Wednesday, December 14, 2011


This is not surprising:

Nearly 60 percent of its students are behind grade level in math. Nearly 50 percent trail in reading. A third do not graduate on time. And hundreds of children, from kindergartners to seniors, withdraw within months after they enroll.

By Wall Street standards, though, Agora is a remarkable success that has helped enrich K12 Inc., the publicly traded company that manages the school. And the entire enterprise is paid for by taxpayers.

Now, we've long been test score critics at OE. So I will accept the argument that test scores should not necessarily be the most important feature of a school. But if they are the motivation for shifting to private education then I'd at least like to see reasonable scores (after all, this is the reason for the existence of these options).

Nor is the fact that the schools are focusing on aggressive expansion reassuring:

Despite lower operating costs, the online companies collect nearly as much taxpayer money in some states as brick-and-mortar charter schools. In Pennsylvania, about 30,000 students are enrolled in online schools at an average cost of about $10,000 per student. The state auditor general, Jack Wagner, said that is double or more what it costs the companies to educate those children online.

“It’s extremely unfair for the taxpayer to be paying for additional expenses, such as advertising,” Mr. Wagner said. Much of the public money also goes toward lobbying state officials, an activity that Ronald J. Packard, chief executive of K12, has called a “core competency” of the company.

I think that it is concerning that a core competency of a large (and growing) private school is that it focuses on lobbying governments for money. If the main issue that we have with traditional public education is rent-seeking by teachers, how much worse is rent seeking by a corporation? After all, if teachers gain a small surplus per teacher that at least has a broad social impact. Clearly K12 has managed to avoid expensive teachers:

But online schools have negligible building costs and cheaper labor costs, partly because they pay teachers low wages, records and interviews show. Parents, called “learning coaches,” do much of the teaching, prompting critics to argue that states are essentially subsidizing home schooling.

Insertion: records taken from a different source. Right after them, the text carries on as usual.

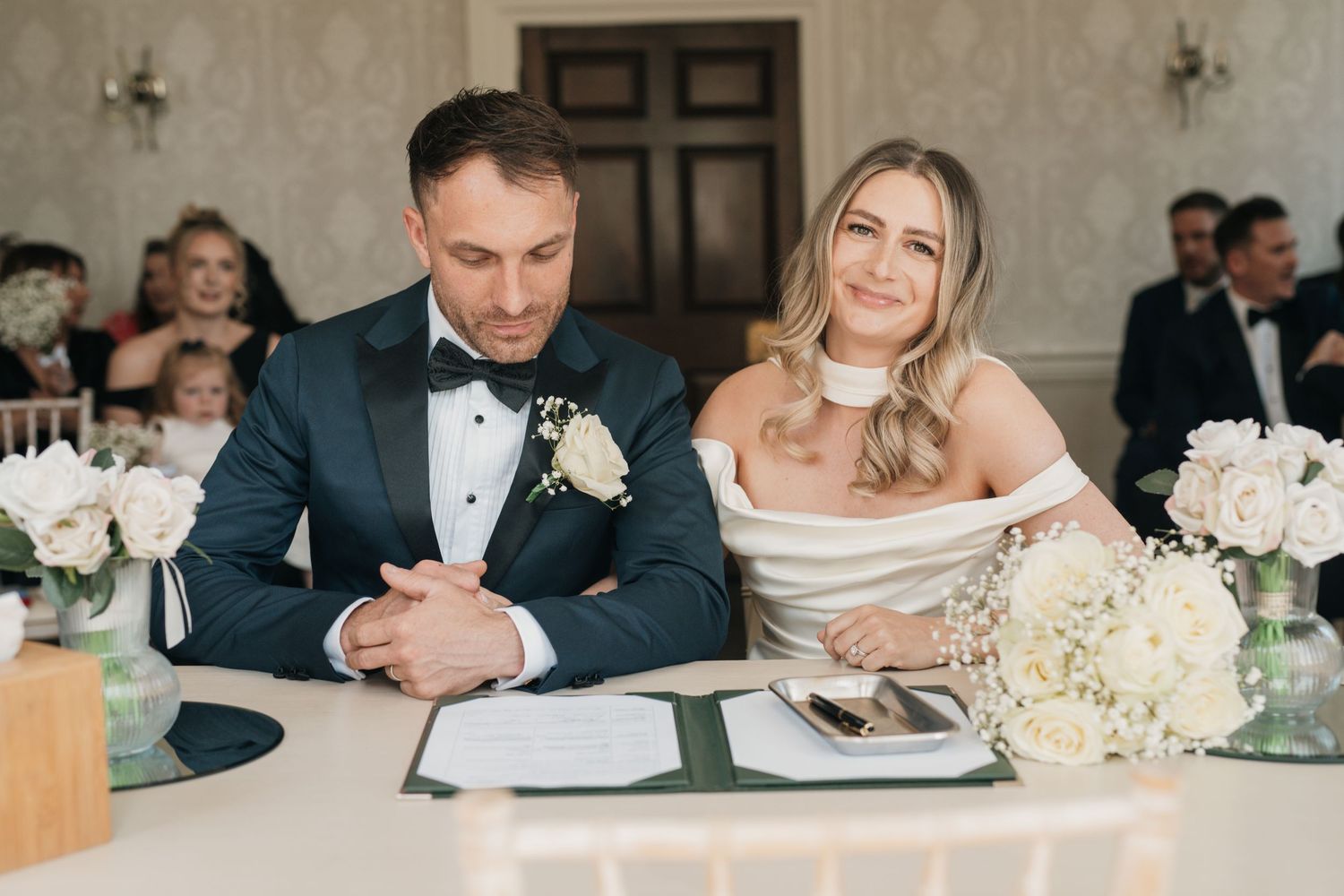 Couple sitting at elegant wedding reception table with white floral centerpieces and formal place settings.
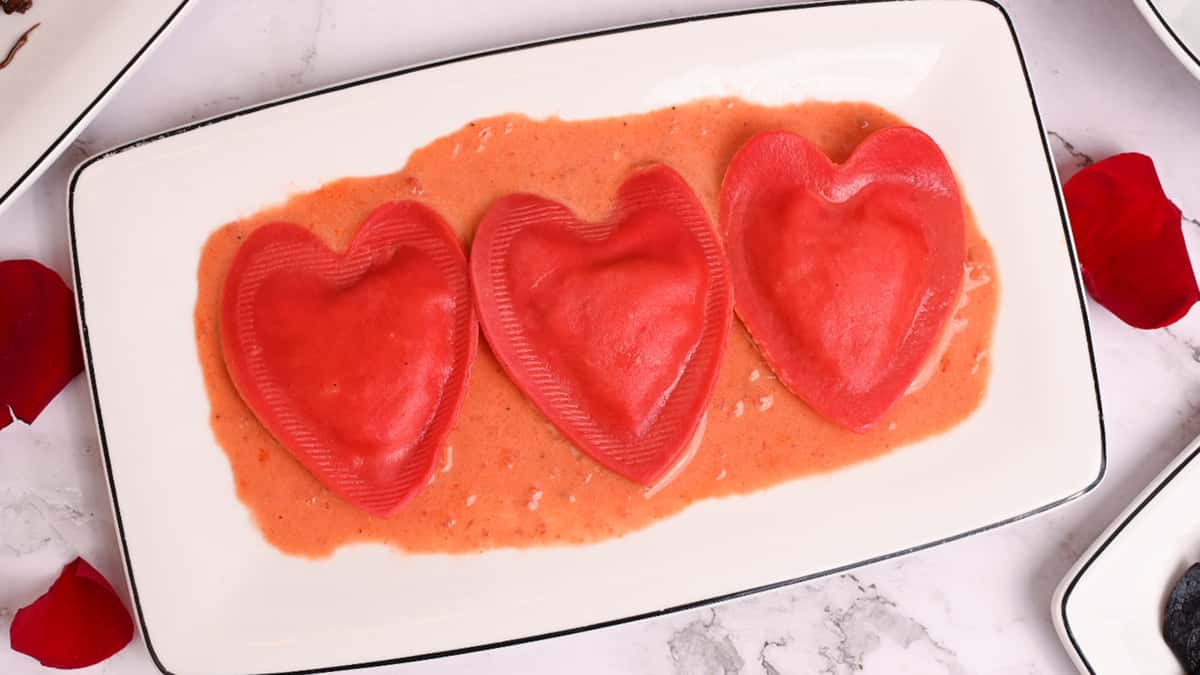 3 heart shaped ravioli on a plate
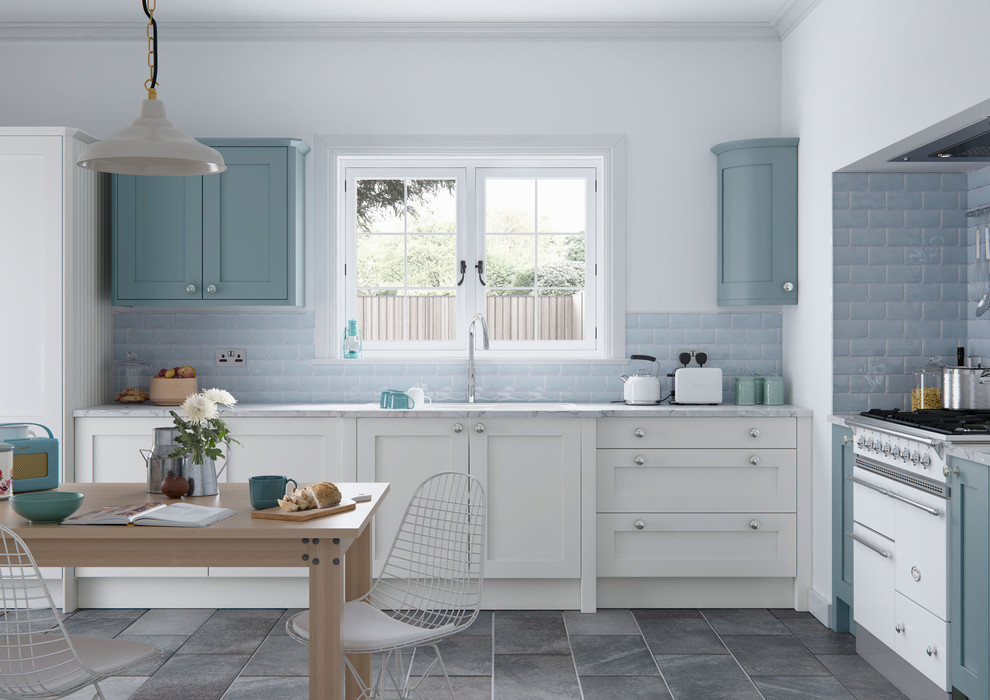 Inspiration for a mid-sized country l-shaped eat-in kitchen in Manchester with shaker cabinets, white cabinets, blue splashback, subway tile splashback, no island, a drop-in sink, marble benchtops, ceramic floors and white appliances.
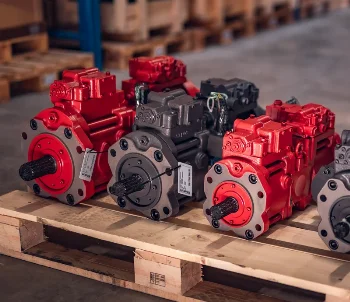Red and grey hydraulic piston pumps with labels on a wooden pallet in a warehouse
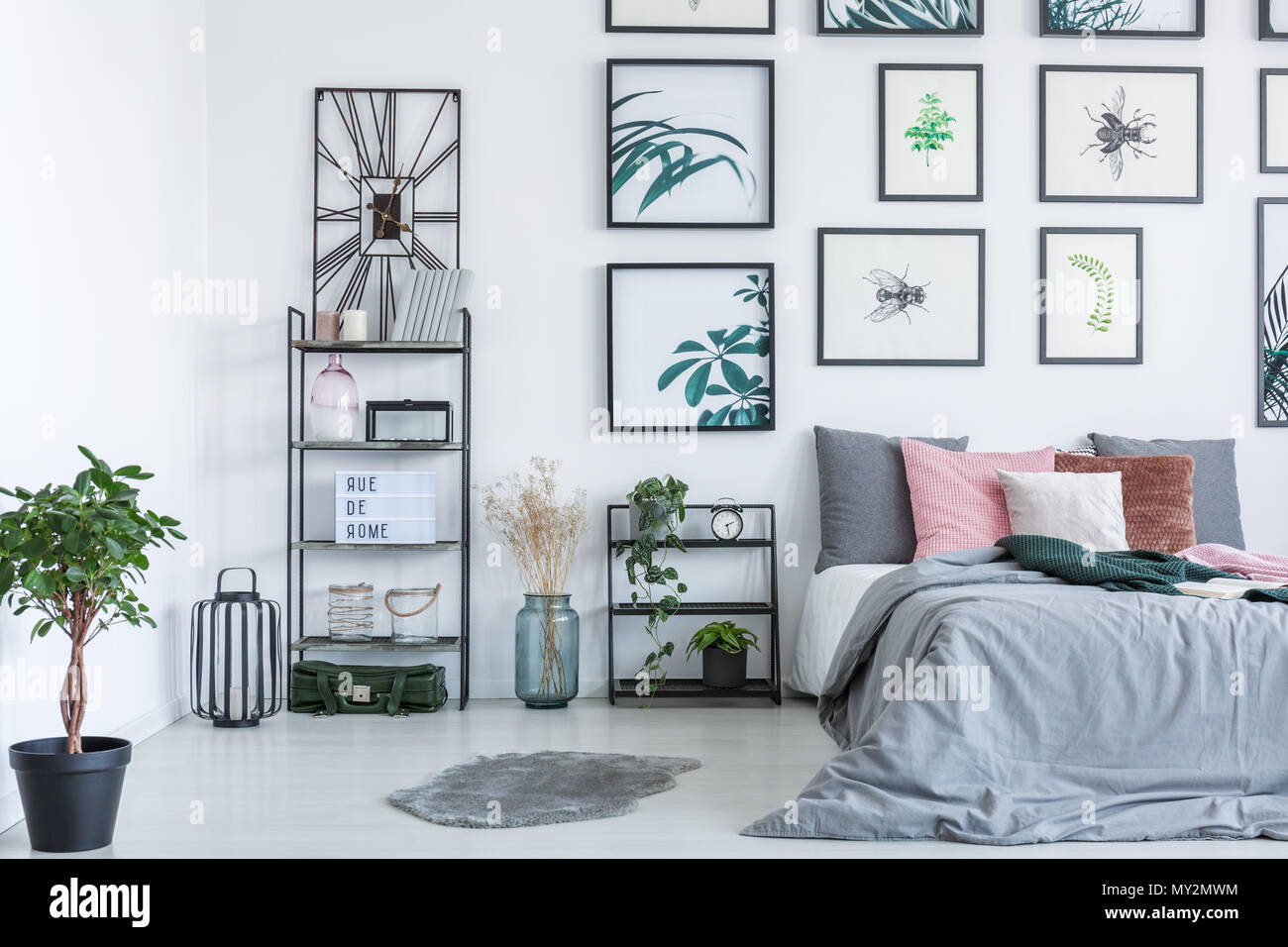 Real photo of a bed standing next to the shelves with ornaments and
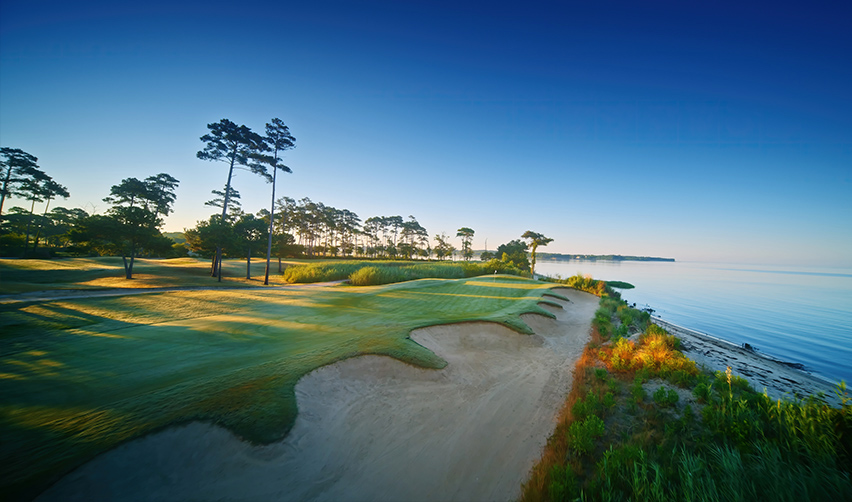 A golf course with a sand bunker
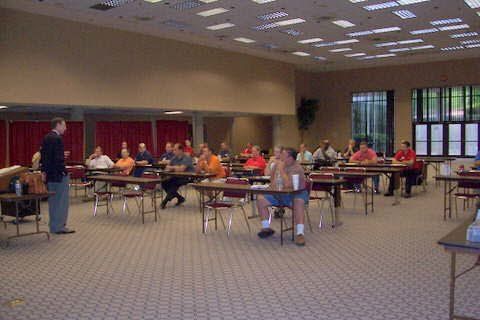 A group of people are sitting at tables in a large room.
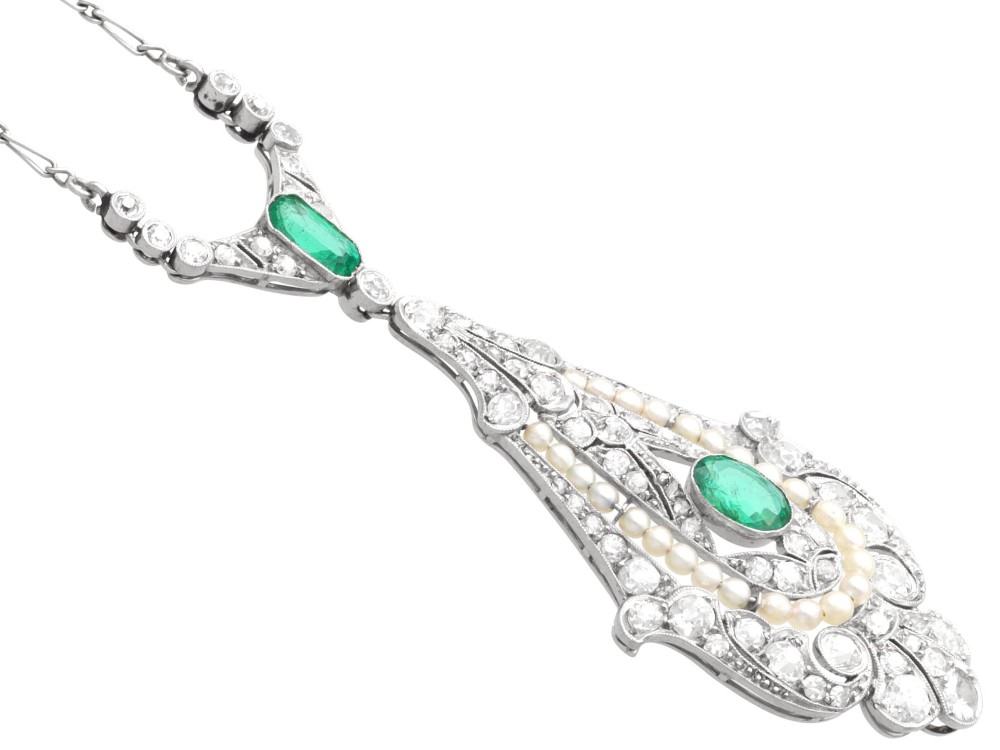 An openwork platinum pendant featuring an elongated drop shape set with diamonds, a line of seed pearls, and two vibrant green Colombian emeralds. View IX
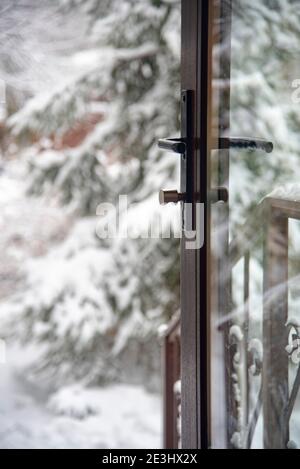 Vue sur la cour enneigée par la porte vitrée du cottage. Banque D'Images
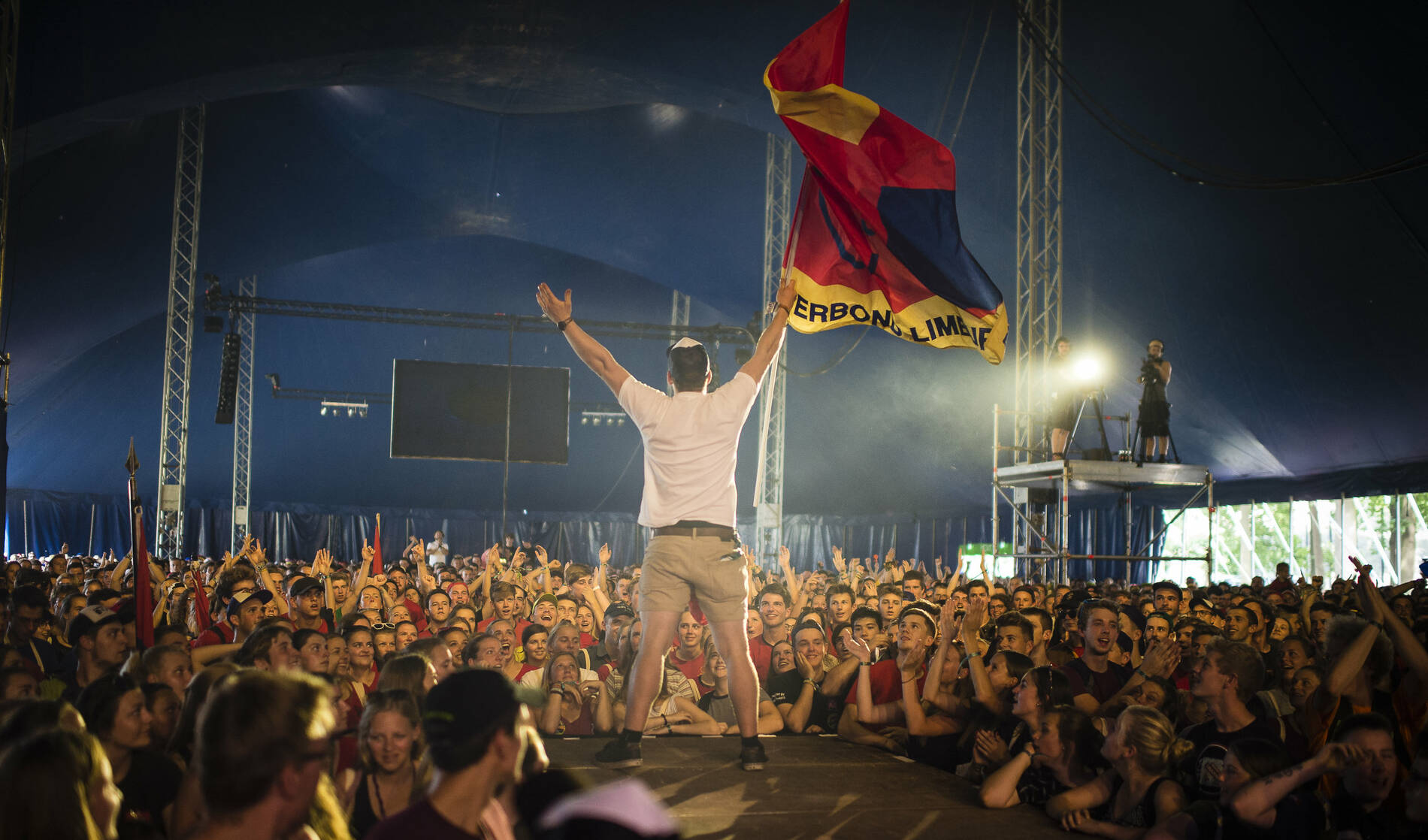 Man met vlag voor massa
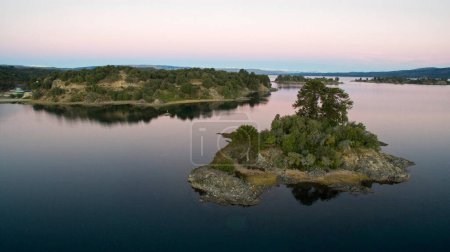 Foto de El lago al anochecer. Hermosa vista aérea de una isla, el lago, la costa, el reflejo en el agua y el bosque al anochecer. - Imagen libre de derechos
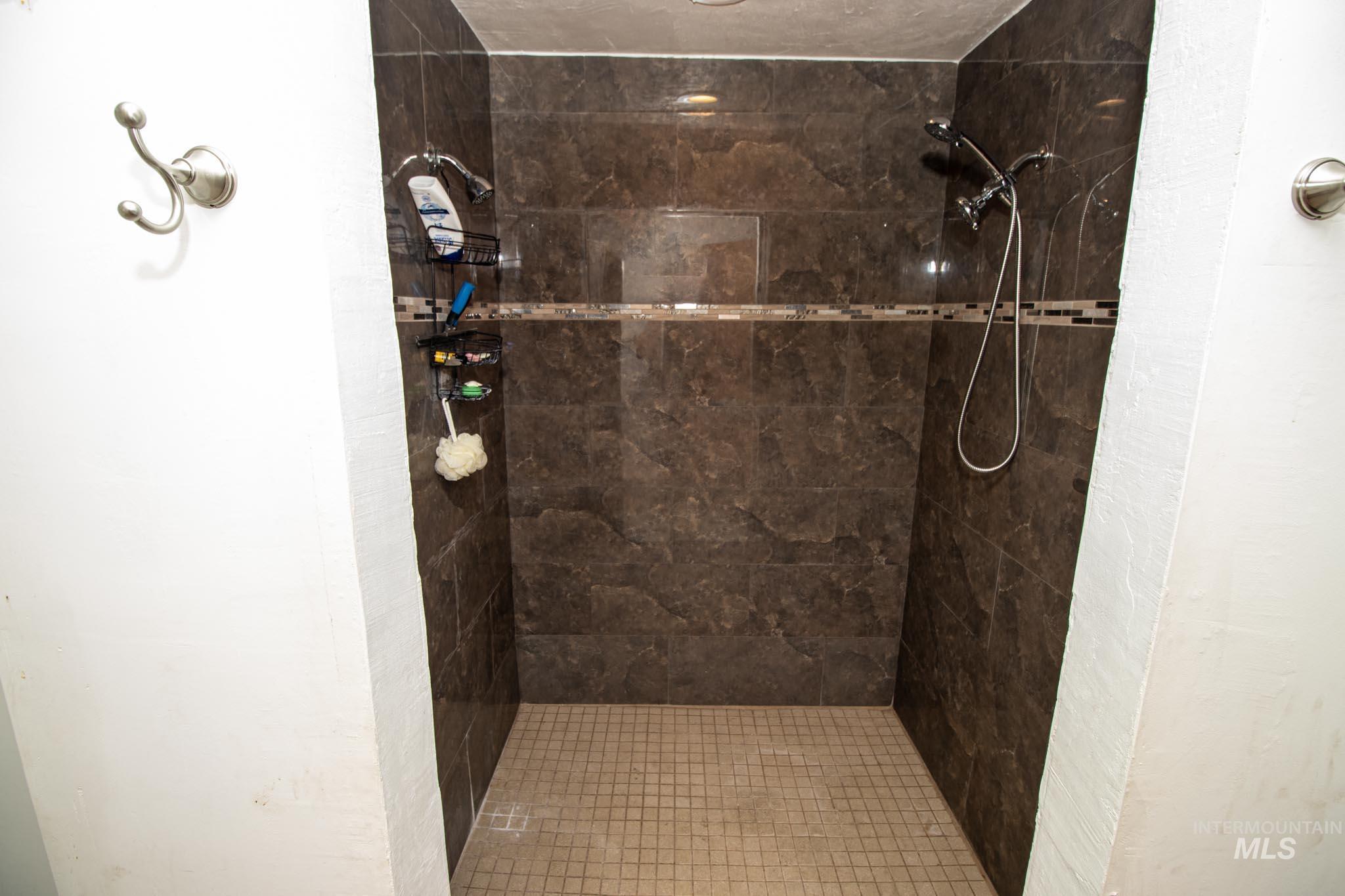 105 Weippe Avenue Weippe, ID 83553 - Photo 37 of 43 Bathroom with tiled shower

At what point is the school simply letting the parent home school their children and accepting educational grant money for the purpose? This is a model that, I suspect, has a chance if and only if you have a stay at home parent that focuses on working with the child on education (or if sleep is an activity that you engage in only on weekends).

Now, I do not want to be a luddite. There may be a role for online education and this particular NY Times piece may not capture all of the nuances of K12 (the articles about traditional schools often has this issue as well). But this sort of business model has long been one of my major concerns about the push towards privatization of schools.

Smart comments from Matt Yglesias and Dana Goldstein are also worth reading.